*SUPPLIED MATERIAL*:
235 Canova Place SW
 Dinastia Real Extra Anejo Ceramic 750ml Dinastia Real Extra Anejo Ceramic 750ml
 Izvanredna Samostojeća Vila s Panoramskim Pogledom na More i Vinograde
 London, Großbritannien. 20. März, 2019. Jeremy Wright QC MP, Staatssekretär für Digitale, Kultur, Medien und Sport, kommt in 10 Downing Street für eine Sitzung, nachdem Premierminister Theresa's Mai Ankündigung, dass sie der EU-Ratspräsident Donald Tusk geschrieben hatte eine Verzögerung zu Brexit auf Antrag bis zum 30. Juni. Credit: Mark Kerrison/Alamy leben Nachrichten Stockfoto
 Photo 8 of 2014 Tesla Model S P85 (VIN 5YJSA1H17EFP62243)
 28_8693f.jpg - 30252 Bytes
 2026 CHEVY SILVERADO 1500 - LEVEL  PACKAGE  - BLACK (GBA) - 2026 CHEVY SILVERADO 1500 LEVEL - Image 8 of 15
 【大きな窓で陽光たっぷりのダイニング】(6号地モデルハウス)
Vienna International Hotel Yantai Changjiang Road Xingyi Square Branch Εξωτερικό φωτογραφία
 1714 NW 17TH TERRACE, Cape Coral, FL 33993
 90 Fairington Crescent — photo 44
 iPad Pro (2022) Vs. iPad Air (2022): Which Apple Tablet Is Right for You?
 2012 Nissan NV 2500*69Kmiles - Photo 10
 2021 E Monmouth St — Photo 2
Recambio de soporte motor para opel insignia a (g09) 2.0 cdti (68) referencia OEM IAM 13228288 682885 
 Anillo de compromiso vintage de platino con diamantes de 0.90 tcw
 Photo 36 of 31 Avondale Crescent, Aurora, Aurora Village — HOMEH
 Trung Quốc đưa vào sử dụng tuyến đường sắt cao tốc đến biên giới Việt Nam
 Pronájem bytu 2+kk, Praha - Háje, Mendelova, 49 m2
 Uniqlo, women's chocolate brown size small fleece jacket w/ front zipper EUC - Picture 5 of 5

*TASK BRIEF*:
Output the listing above in full, exactly as written.

*SOLUTION*:
235 Canova Place SW
 Dinastia Real Extra Anejo Ceramic 750ml Dinastia Real Extra Anejo Ceramic 750ml
 Izvanredna Samostojeća Vila s Panoramskim Pogledom na More i Vinograde
 London, Großbritannien. 20. März, 2019. Jeremy Wright QC MP, Staatssekretär für Digitale, Kultur, Medien und Sport, kommt in 10 Downing Street für eine Sitzung, nachdem Premierminister Theresa's Mai Ankündigung, dass sie der EU-Ratspräsident Donald Tusk geschrieben hatte eine Verzögerung zu Brexit auf Antrag bis zum 30. Juni. Credit: Mark Kerrison/Alamy leben Nachrichten Stockfoto
 Photo 8 of 2014 Tesla Model S P85 (VIN 5YJSA1H17EFP62243)
 28_8693f.jpg - 30252 Bytes
 2026 CHEVY SILVERADO 1500 - LEVEL  PACKAGE  - BLACK (GBA) - 2026 CHEVY SILVERADO 1500 LEVEL - Image 8 of 15
 【大きな窓で陽光たっぷりのダイニング】(6号地モデルハウス)
Vienna International Hotel Yantai Changjiang Road Xingyi Square Branch Εξωτερικό φωτογραφία
 1714 NW 17TH TERRACE, Cape Coral, FL 33993
 90 Fairington Crescent — photo 44
 iPad Pro (2022) Vs. iPad Air (2022): Which Apple Tablet Is Right for You?
 2012 Nissan NV 2500*69Kmiles - Photo 10
 2021 E Monmouth St — Photo 2
Recambio de soporte motor para opel insignia a (g09) 2.0 cdti (68) referencia OEM IAM 13228288 682885 
 Anillo de compromiso vintage de platino con diamantes de 0.90 tcw
 Photo 36 of 31 Avondale Crescent, Aurora, Aurora Village — HOMEH
 Trung Quốc đưa vào sử dụng tuyến đường sắt cao tốc đến biên giới Việt Nam
 Pronájem bytu 2+kk, Praha - Háje, Mendelova, 49 m2
 Uniqlo, women's chocolate brown size small fleece jacket w/ front zipper EUC - Picture 5 of 5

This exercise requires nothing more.